■ Material shown
..............................

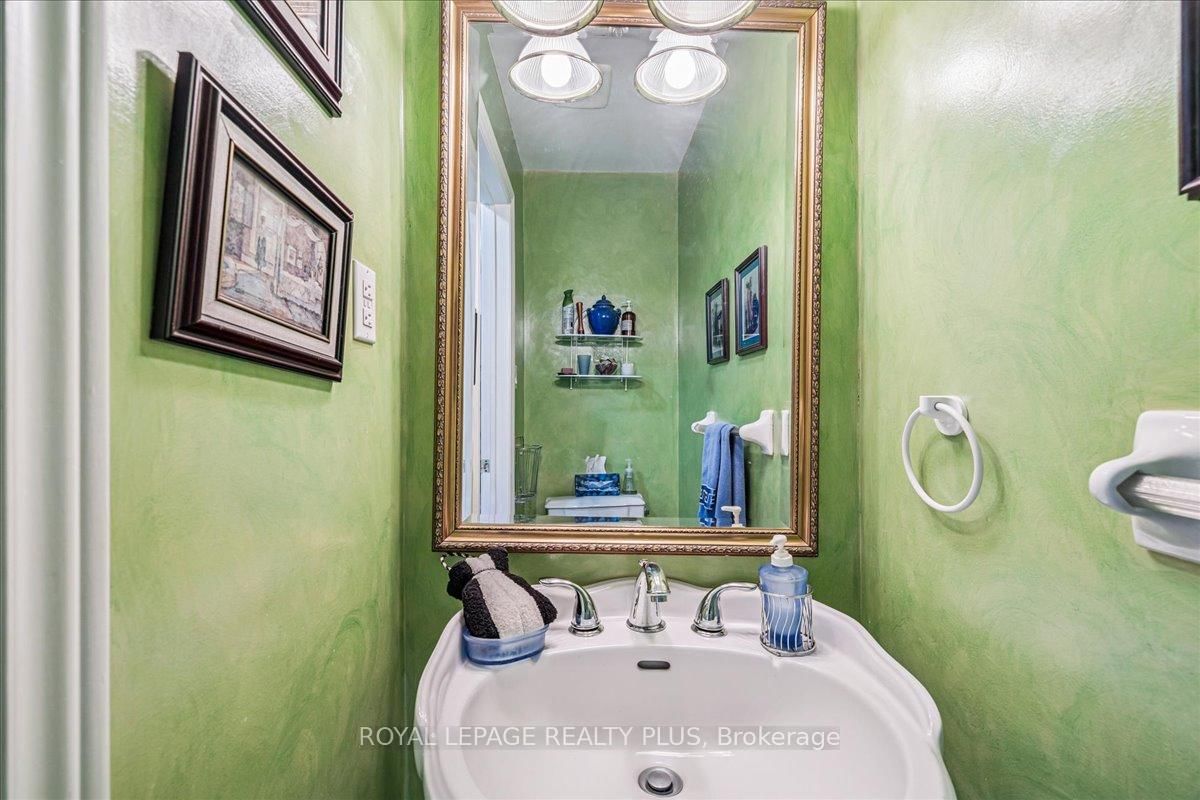 Detached House for sale at 3561 Old Orchard Park Drive, Mississauga, Ontario, L5B 4E3 - Fairview - MLS: W12888716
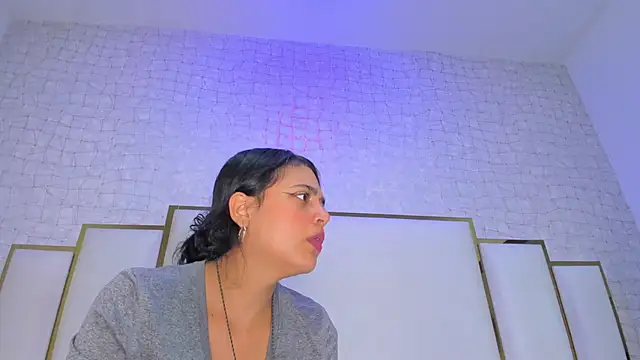 Snapshot of thalia888_ chatting on April 12, 2026, 7:06 pm thalia888 online show from April 12, 2026, 7:06 pm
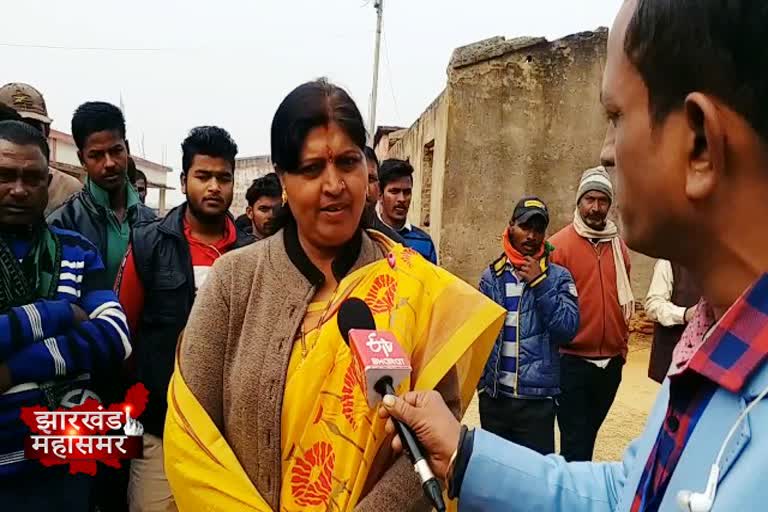 Political news of Jharkhand, BJP candidate Neera Yadav, Jharkhand Assembly Election, Polling Booth, बीजेपी प्रत्याशी नीरा यादव,  झारखंड विधानसभा चुनाव, पोलिंग बूथ, झारखंड की राजनीतिक खबरें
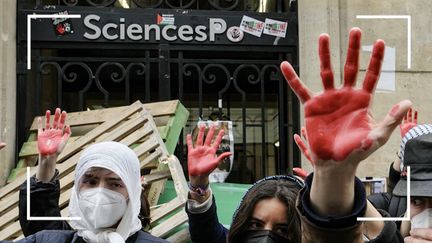 Lors d'une manifestation pro-palestinienne devant Sciences Po, des manifestants brandissaient des mains peintes en rouge.  Pour certains, ils font référence au massacre des Israéliens.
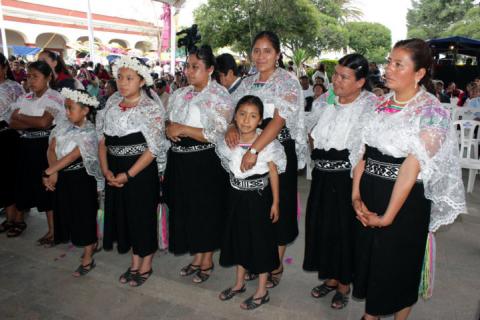 Folclor de Oaxaca, Puebla, Hidalgo y Tlaxcala Presentes en “Feria Calpulalpan 2015” imagen 7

..............................

Only what runs from the line with "Political news of" through the last line of the listing above belongs in the answer, set down exactly and free of pictures.

■ Exercise solution
 Political news of Jharkhand, BJP candidate Neera Yadav, Jharkhand Assembly Election, Polling Booth, बीजेपी प्रत्याशी नीरा यादव,  झारखंड विधानसभा चुनाव, पोलिंग बूथ, झारखंड की राजनीतिक खबरें
 Lors d'une manifestation pro-palestinienne devant Sciences Po, des manifestants brandissaient des mains peintes en rouge.  Pour certains, ils font référence au massacre des Israéliens.
 Folclor de Oaxaca, Puebla, Hidalgo y Tlaxcala Presentes en “Feria Calpulalpan 2015” imagen 7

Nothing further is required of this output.